Myth #6 - There is a quick fix -- reform.
* The word reform is like catnip to those interested in a quick
fix to Amtrak. If the answer were quick and easy, we would have
solved the problem long ago. What needs to be done is to tightly
manage the company and its finances and begin to make incremental but
critical improvements to plant and equipment. As I stated before -
there is no silver bullet.
At some point, Congress will turn its attention to the
reauthorization of Amtrak, and it will be in this venue that the
future of rail passenger service will be decided. In the year that I
have been here, I have been struck by the amount of attention that
Amtrak generates without real progress occurring in addressing the
long-term funding problems that everyone knows exist. I realize that
Amtrak is partly to blame for this paralysis of action; recurring
crises distract us from the central issues that should be discussed.

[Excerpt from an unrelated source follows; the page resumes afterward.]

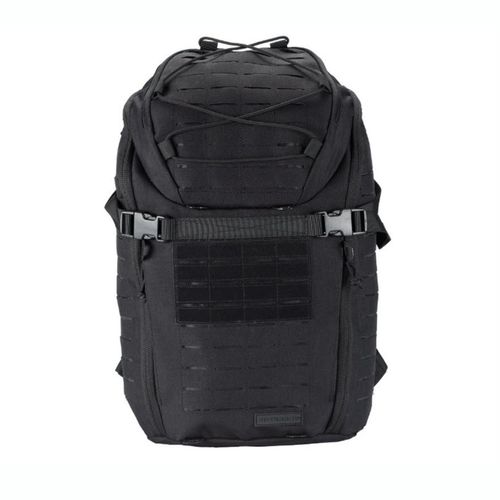 NiteCore Rucksack Rucksack MP20 mit MOLLE-System - 20 Liter - Schwarz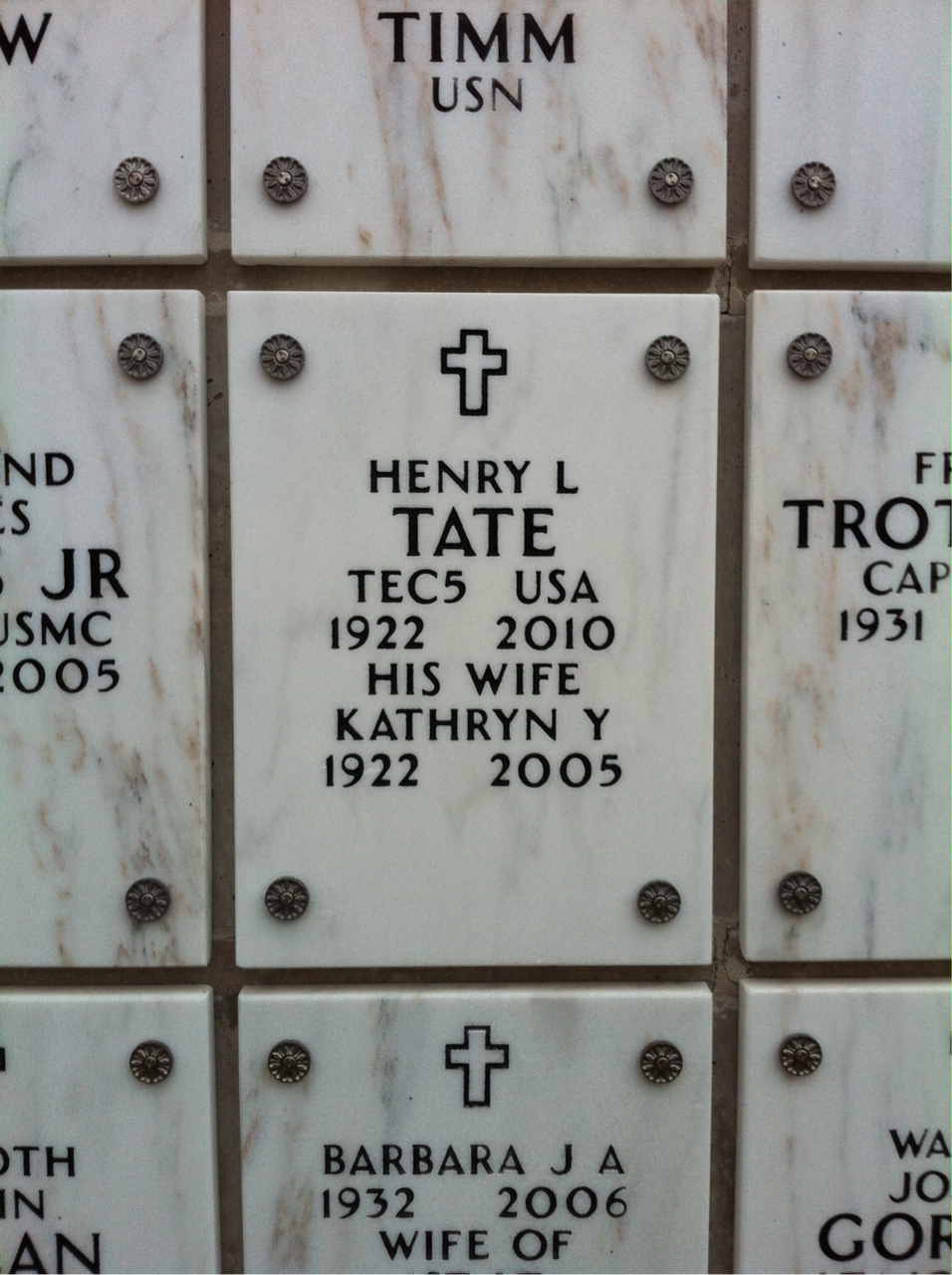Henry Tate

I know that Amtrak for too long had been engaged in the charade of
pleasing its detractors by endorsing the concept of self-sufficiency.

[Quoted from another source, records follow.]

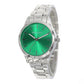 Henley Ladies Sunray Dial & Bracelet Watch H07329 Available Multiple Colour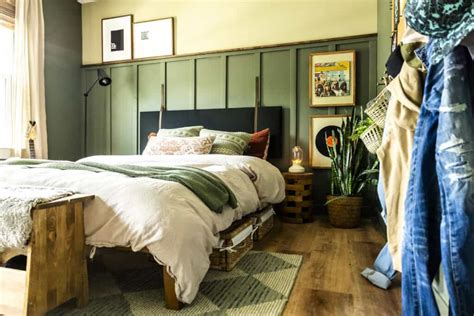 Designing a Dynamic Teenage Boy Bedroom - Place Of My Taste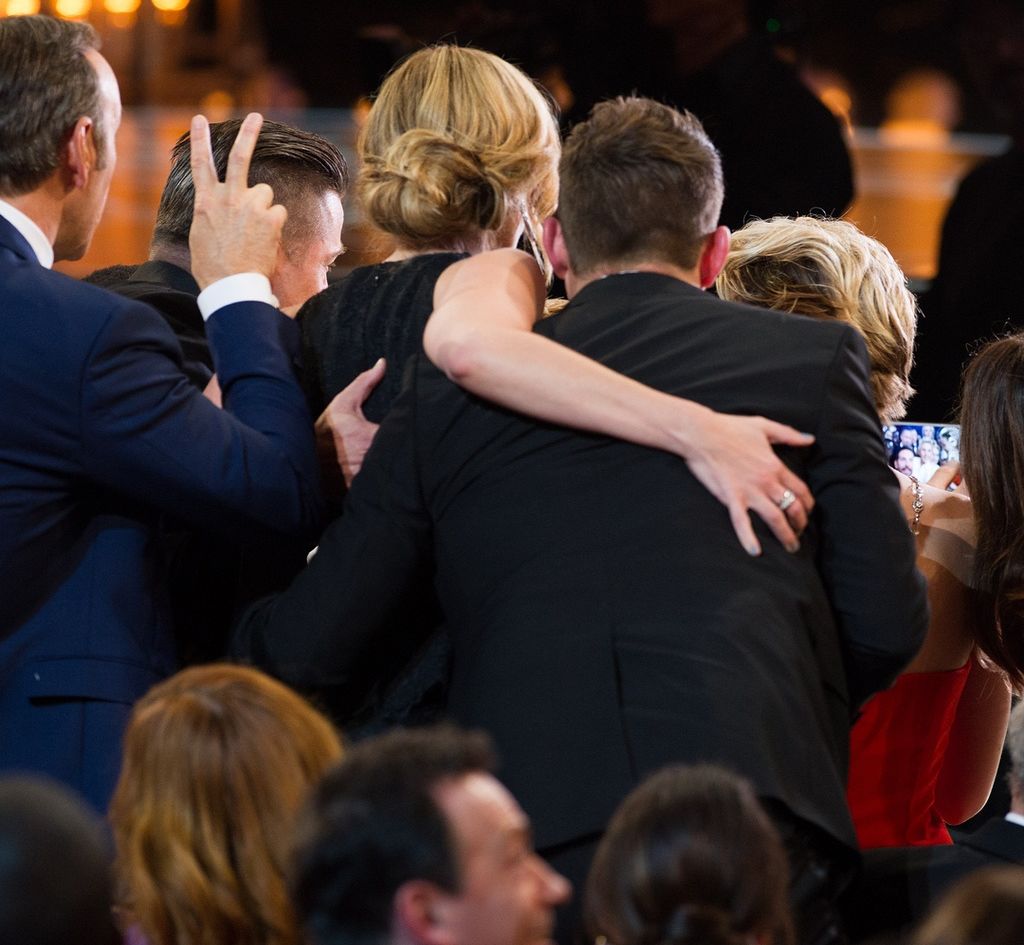 Όσκαρ 2018: Η θρυλική selfie της DeGeneres και το παρασκήνιο Όσκαρ 2018: Η θρυλική selfie της DeGeneres και το παρασκήνιο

Let me be clear, however, that despite the best management that could
be brought to this railroad, without support for a realistic
investment over the next few years, we will always remain on the edge
and the problem will grow worse, risking a real disaster either
physically and/or financially. The lack of a detailed policy will
soon produce unwanted consequences.
You have before you Amtrak's five-year strategic plan. I believe it
is both a practical and pragmatic plan that shows what needs to be
done and what can be accomplished with a consistent level of funding
from FY04 through FY08. We will stabilize Amtrak and bring the
railroad up to a state of good repair. If fully executed, our
equipment will be in good condition - and on regular maintenance
cycles which means improved reliability and utilization, and the
backlog of critical needs to our Amtrak infrastructure will be
significantly reduced. Regardless of what policymakers decide is the
future for Amtrak or rail passenger service in the United States, I
would argue that the steps outlined in the five-year plan are
essential and would have to be done in any case. The first down
payment on that plan would be in FY04.
Our plan also represents the least expensive and least disruptive
course of action for the Congress. Unfortunately, in the past few
years, a troubling pattern has emerged of creating new oversight
responsibilities as a substitute for a real discussion on the issue.

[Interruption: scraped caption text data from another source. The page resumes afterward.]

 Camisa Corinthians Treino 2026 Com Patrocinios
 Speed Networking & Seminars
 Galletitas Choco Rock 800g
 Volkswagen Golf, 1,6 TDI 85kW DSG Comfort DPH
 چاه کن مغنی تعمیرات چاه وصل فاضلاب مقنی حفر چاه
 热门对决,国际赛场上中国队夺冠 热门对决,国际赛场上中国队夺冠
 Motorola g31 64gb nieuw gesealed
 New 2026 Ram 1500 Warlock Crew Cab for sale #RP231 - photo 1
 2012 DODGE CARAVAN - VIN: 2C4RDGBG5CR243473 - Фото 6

This is a "mugs game," a distraction with no real benefit to anyone
unless the goal is to interfere with this company reaching fiscal
stability and a state-of-good-repair. Repairing and improving this
railroad is the Board's and my immediate goal and is in everyone's
interest. We have a five-year plan that will accomplish this, and I
am asking for your support and leadership as we move forward. I would
urge you to consider this plan in the broader context of Amtrak's
reauthorization where it really should be done and end this
stutter-step practice of reforming Amtrak through the annual
appropriations process. Whatever you ultimately decide to do, I would
argue that what is proposed in the plan will have to be done in any
event and it will be the least costly option. The railroad must be
stabilized and the asset improved -- regardless. Taking these steps
will provide clear guidance, goals and objectives that will help all
of us to avoid these regular and recurring crises that have become so
tiresome. If we fail to take these steps now and address these
issues, the results could be disastrous.